De seguida, foi então hora de Homayoun Sakhi tomar o palco, acompanhado do percussionista Siar Hashimi. Ambos se sentaram no chão e tomaram uns minutos para ajustar os instrumentos até soarem na perfeição, contribuindo para um ambiente intimista e casual de uma sessão de improvisação. Queríamos, como eles, estar sentados numa carpete, próximos dos artistas, particularmente quando Homayoun começa, ao de leve, a demonstrar os seus dotes no rubab, um alaúde que parecia uma peça de museu. A delicadeza do dedilhar das cordas, que foi ficando consistentemente mais complexo, era de levar às lágrimas.
Ao longo de cerca de meia hora sem pausas, Homayoun e Siar destilaram um estilo devocional ao nível dos ragas indianos, mas com um twist moderno que apelido carinhosamente como “raga progressivo”. A certa altura, era como se estivéssemos a ver o Jimi Hendrix do rubab, alucinantemente saltitando de nota em nota em progressões tocadas como se o instrumento estivesse a arder. O público abanava a cabeça, acompanhava o ritmo da tabla com palmadas nas pernas e parecia irrequieto. Cada pequeno grande solo merecia uma salva de palmas, mas o duo não parou em momento algum.
Na segunda meia hora, o estilo foi ainda mais brincalhão e melódico. As improvisações angulosas iam acelerando de acordo com os caprichos dos músicos, parando repentinamente depois dos momentos mais épicos, numa sincronia impressionante. Mesmo que as técnicas já começassem a soar familiares, havia sempre alguma maneira de Homayoun nos surpreender, fazendo-o com um sorriso nos lábios de genuína felicidade. No final, convidou as artistas cazaques para um último momento musical em conjunto, cantando com Ulzhan e ainda com a terceira “voz” do komuz, que soava a um sábio ancião, emprestando mais profundidade à divertida música. Foi um bonito momento de comunhão perfeitamente adequado ao carácter transversal do Noruz.

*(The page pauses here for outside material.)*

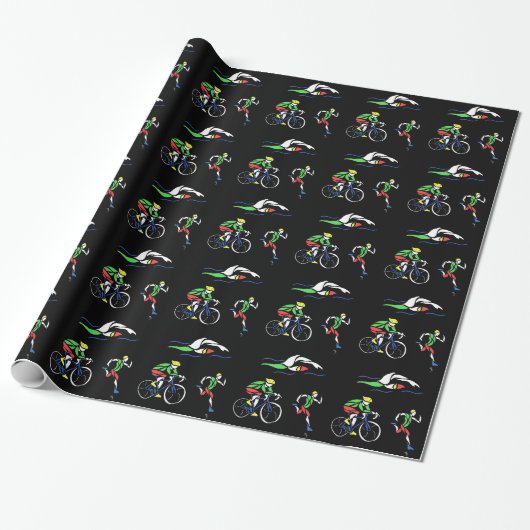 Farbiges Triathlon-Design Geschenkpapier (Ungerollt)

O último dia foi dedicado à música uzbeque, proveniente do território milenar que é palco do cruzamento de inúmeros povos desde os tempos da Rota da Seda, numa sublimação das tradições do Médio Oriente e Ásia Central. Para a representar, subiram ao palco Yulduz Turdieva e o seu ensemble. Na sua carreira a solo, a artista faz música mais moderna e dançável com um toque de música tradicional, num estilo que a transformou numa autêntica diva no Uzbequistão. Neste concerto, o foco foi realmente a música erudita e a tradição, que se aproximou dos sons persas da primeira noite de festival.
A voz melodiosa de Yulduz não quebrou ao longo dos 90 minutos de espectáculo, altamente celebrados pela plateia praticamente esgotada. O concerto desenvolveu-se em crescendo, começando com os tons tranquilos do ghijak de Umid Vokhidov e do tambur de Uktamjon Rasulov, acompanhados da leve percussão do doyre de Rustamojon Tagaykulov e do daf de Ulugbek Temirov. O ritmo foi aumentando até metade do concerto, pontuada pela dança típica uzbeque protagonizada por Durdona Ismanova. Maquilhada e sorrindo de uma forma quase caricatural, ocupou quase todo o comprimento do palco, rodando e agitando os braços como uma mariposa, conferindo uma leveza extra à música.
A certa altura, já perto do final, os instrumentos de cordas são postos de lado e cada músico pega no seu pandeiro (os doyres e os dafs). A overdose de ritmo leva a que o final do concerto seja feito mais próximo da boca de palco, com todos os artistas em pé, pedindo que o público cante e aplauda ao seu ritmo infeccioso. Flores multiplicam-se em palco, quer nas mãos de Yulduz e Durdona, quer na projecção que serve de pano de fundo. A música continua na despedida, com os músicos tocando até saírem da nossa linha de visão, ecoando pelos bastidores, sugerindo a infinitude desta tradição que é o Noruz. Finalmente, é Primavera!